> **EXERCISE DESCRIPTION**
Reproduce the data below exactly as written. Pictures do not belong in the copy.

> **RAW DATA**
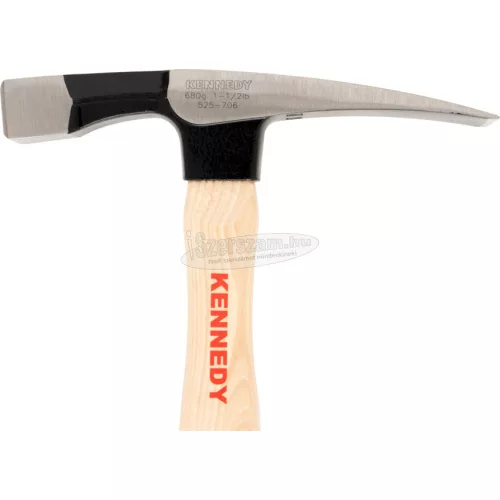 KENNEDY 24OZ KÖMŰVES KALAPÁCS HIKORIFA NYÉLLEL KEN5257060K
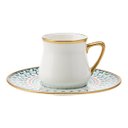 Ver imagem 4 de Conjunto de Xicaras de Chá e Café Turca Mariposa Ouro - 18 Peças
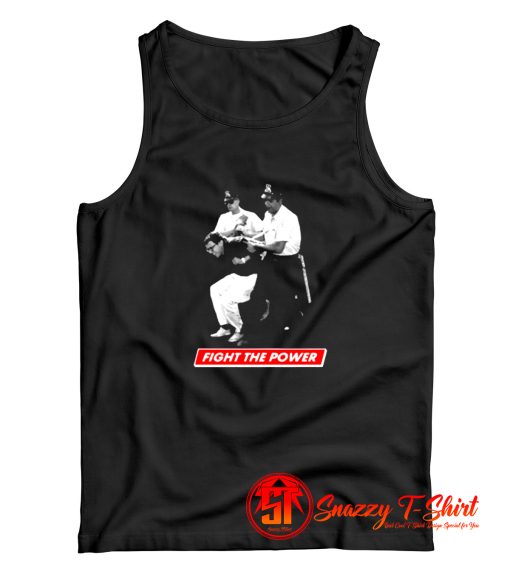 Bernie Sanders Fight The Power Tank Top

> **ANSWER BOX**
 KENNEDY 24OZ KÖMŰVES KALAPÁCS HIKORIFA NYÉLLEL KEN5257060K
 Ver imagem 4 de Conjunto de Xicaras de Chá e Café Turca Mariposa Ouro - 18 Peças
 Bernie Sanders Fight The Power Tank Top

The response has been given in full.